Summary

It is 1965. Graduate student, Adam Appleby (the name is significant), twenty-five years old and father of three, is terrified that his wife, Barbara, is pregnant again. He loves her and is faithful, but their commitment to Catholicism turns their sex life into a furtive obsession, encumbered with calendars, thermometers, and guilt.
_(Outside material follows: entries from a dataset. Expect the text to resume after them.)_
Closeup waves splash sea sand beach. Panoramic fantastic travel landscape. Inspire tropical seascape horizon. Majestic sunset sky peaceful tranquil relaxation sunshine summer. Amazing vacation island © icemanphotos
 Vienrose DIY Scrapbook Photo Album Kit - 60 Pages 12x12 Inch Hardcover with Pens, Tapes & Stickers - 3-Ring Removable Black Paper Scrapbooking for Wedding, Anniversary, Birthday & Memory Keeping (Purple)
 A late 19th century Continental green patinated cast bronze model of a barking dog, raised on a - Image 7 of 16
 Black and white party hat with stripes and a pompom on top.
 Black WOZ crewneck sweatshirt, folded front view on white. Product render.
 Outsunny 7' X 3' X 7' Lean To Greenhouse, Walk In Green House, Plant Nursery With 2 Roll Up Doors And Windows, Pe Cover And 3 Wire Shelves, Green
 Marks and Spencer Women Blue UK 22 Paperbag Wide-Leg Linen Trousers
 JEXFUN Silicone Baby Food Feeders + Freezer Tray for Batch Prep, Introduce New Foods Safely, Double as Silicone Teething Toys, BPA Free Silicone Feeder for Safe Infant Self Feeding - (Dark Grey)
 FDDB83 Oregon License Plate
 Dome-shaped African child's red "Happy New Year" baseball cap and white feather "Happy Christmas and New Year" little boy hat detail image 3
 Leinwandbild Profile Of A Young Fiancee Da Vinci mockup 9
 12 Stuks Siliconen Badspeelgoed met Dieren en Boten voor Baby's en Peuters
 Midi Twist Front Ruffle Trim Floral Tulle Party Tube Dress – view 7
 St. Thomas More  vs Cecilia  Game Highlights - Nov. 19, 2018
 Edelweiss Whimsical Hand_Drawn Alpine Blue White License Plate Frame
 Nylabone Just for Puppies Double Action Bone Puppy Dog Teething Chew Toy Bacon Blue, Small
This day in his life, like all others, is spent in the British Museum, researching an interminable thesis on 'the long sentence' in minor English writers. But Adam cannot concentrate for frustration, anxiety (over Barbara's delayed period), and financial despair. When a young descendant of a minor writer tries to seduce him in exchange for a steamy manuscript that could easily make his career, Adam discovers a shocking willingness to compromise on his principles.

Commentary

One of Lodge's earliest comic ventures, this short novel delights not only for its clever satire and preposterous situations, but also for its literary sophistication and penetrating insight into the motives and behaviors of academics. Walter-Mitty-like, Adam keeps breaking into reverie along the lines of "what if . . . ", appropriate to both the moment and the literary forms that he studies. Temptation to use birth control mimics temptation to sex; lust for literary success mimics temptation to sin (through sex, infidelity, or birth control). An nine-page, stream-of-conscious Epilogue rehearses the dilemma from Barbara's perspective--in one sentence.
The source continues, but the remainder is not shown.